#MeToo

Ingrijpend, alles wat er rond #MeToo los komt. Over één punt denk ik steeds na: hoe reageer ik, hoe reageer je als omstanders? Ik deel een paar dingen.

Teveel

Ik merk dat zoveel leed een soort afweer met zich meebrengt. Wat 'teveel' is, maakt dat je je afsluit. Zo kun je na verloop van tijd 'gewoon kijken' naar tv, wanneer (live-)verslag gedaan wordt van oorlog elders op de wereld. Hoe gaan we in vredesnaam om met die reflex? Want stoppen met berichtgeving over zoiets als #MeToo is geen optie. Onrecht moet benoemd blijven worden. Anders spelen we daders in de kaart.

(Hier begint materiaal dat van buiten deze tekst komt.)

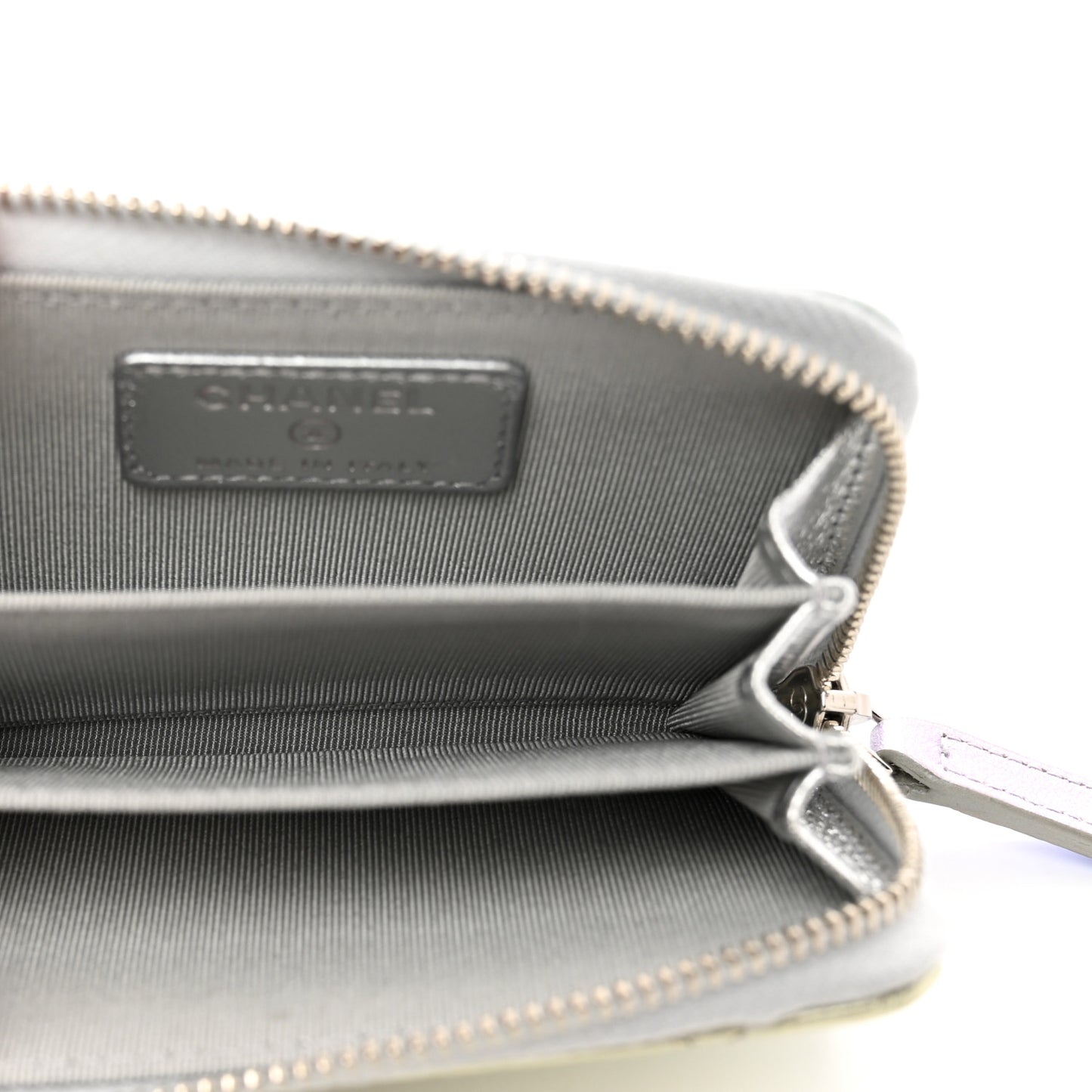 Gradient Metallic Calfskin Quilted Zip Around Coin Purse Wallet Silver Blue Yellow Purple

Geloof wat je niet wilt geloven

De liefde gelooft alles, staat ergens in de bijbel. Het is een woord dat heelt. Mensen vertellen geregeld hun verhaal, maar worden schouderophalend voorbij gelopen. Eenzelfde reflex als hierboven beschreven, treedt soms op bij het horen van de verhalen. 'Maar ik ken hem/haar anders… Wat droeg je dan?' Maar de liefde keert het om: die gelooft alles. Geen dader kan wijzen naar een ander ter verontschuldiging. Ik wil mijn uiterste best doen om de liefde die alles gelooft, me eigen te maken.

Daders

Hoe gaan we om met daders? Ik merk bij mijzelf als eerste walging en daarna boosheid. Dat leidt tot isolement van de dader, denk ik. Hoe zou een dader komen tot inkeer en verandering? Met die vraag ligt de bal om te werken aan herstel tenminste ook bij de samenleving die wil dat dit onrecht verdwijnt. Je kunt een dader opsluiten en dat is terecht. Maar zou je willen dat dit kwaad wordt terug gedrongen, wat is dan nodig? Ik ken Jezus die ieders waarheid ziet en benoemt. En wie berouw heeft van zijn en haar fouten, krijgt vergeving. En de kans om echt te leren liefhebben. Zou dat een weg zijn voor omstanders, om daders zo tegemoet te treden?

Reflectie

Tenslotte werd ik in de afgelopen weken warm van sommige geluiden op televisie. Over mensen die met elkaar in gesprek raakten over hun eigen gedrag. 'Waarin zijn we naïef in onze omgang met vrouwen en mannen.' Kijken in de spiegel die je hoe dan ook wordt voorgehouden. Geweldig.